Tuesday, February 22, 2011

Super Bowl: great moments in television advertising | Richard Adams

Hugely expensive and often more memorable than the game, watch some of the best ads to debut during the Super Bowl

1) Super Bowl XVIII: Apple ? 1984

This high concept ad by Apple regularly tops polls of most memorable and most effective TV ads, so much so that it's sometimes forgotten that it debuted during the otherwise unmemorable 1984 demolition of the Washington Redskins by the (then) Los Angeles Raiders.

Directed by Blade Runner director Ridley Scott, it remains quite unlike the majority of Super Bowl ads, which tend towards the jokey and informal.

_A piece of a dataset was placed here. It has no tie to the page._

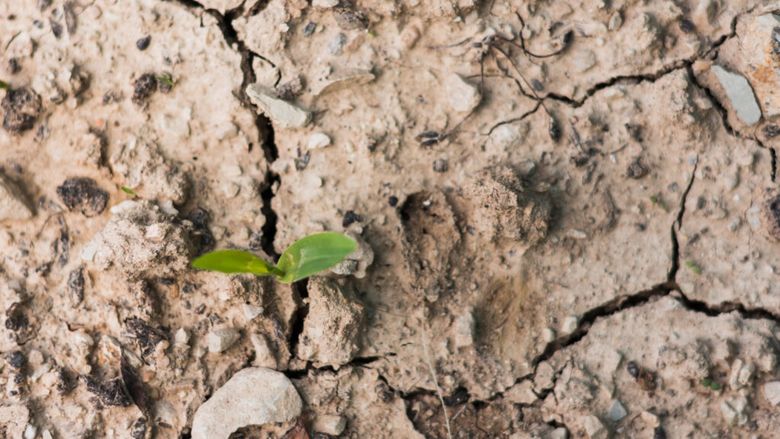Un „burete” biodegradabil ar putea păstra apa în sol / Un test făcut pe culturile de grâu a arătat că a crescut umiditatea solului și a stimulat activitatea biologică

Marrying the year 1984 with an Orwellian theme, it implicated IBM as Big Brother challenged by the individuality of the Apple Macintosh personal computer. (IBM's advertising slogan was the more sinister "Nobody ever got fired for buying IBM".) Most recently it was the subject of a mash-up by a supporter of Barack Obama's bid to win the Democratic nomination in 2008, brutally summing up fears of Hillary Clinton's candidacy.

2) Super Bowl III: Mott's ? Clamato

The archetype of the Super Bowl ad dates back to 1969 ? the year that Joe Namath and the New York Jets injected some glamour into the Super Bowl by beating the Baltimore Colts (as it was then).

Here Mott's uses mildly off-beat humour to promote its combination of tomato juice and clam broth, in a style repeated endlessly by Super Bowl ads ever since. Today, though, the images shown of laboratory-grown "Frankenfood" would hardly be seen as a selling point. Mott's is still in business ? but it is still best known for its apple sauce.

3) Super Bowl XXIX: Budweiser ? Frogs

Another member of the Super Bowl advertising hall of fame, Budweiser's croaking frogs rescued America from the tedium of the Miller Lite ads of the 1980s. Debuting during the 49ers versus Chargers pointsfest of 1995, won by Steve Young's arm for San Francisco, this was funny, clever and instantly memorable. The frogs also helped rehabilitate Budweiser's image from being a drink for old men. It didn't make the beer taste any better, though. And it did eventually give birth to Budweiser's "Wassup?" commercials, possibly the most annoying ads in the history of the US advertising ? a title for which there is substantial competition.

4) Super Bowl XLIII: Hulu ? Alec in Huluwood

Among the best ads in recent years, this spot for online TV library Hulu has Alec Baldwin perfectly reprising his 30 Rock character as a demented television executive. It's hard to imagine anyone other than Baldwin making it work, but he carries it off with panache. As Jack Donaghy would say: "The Italians have a saying, 'Keep your friends close and your enemies closer.' And, although they've never won a war or mass-produced a decent car, in this area they are correct."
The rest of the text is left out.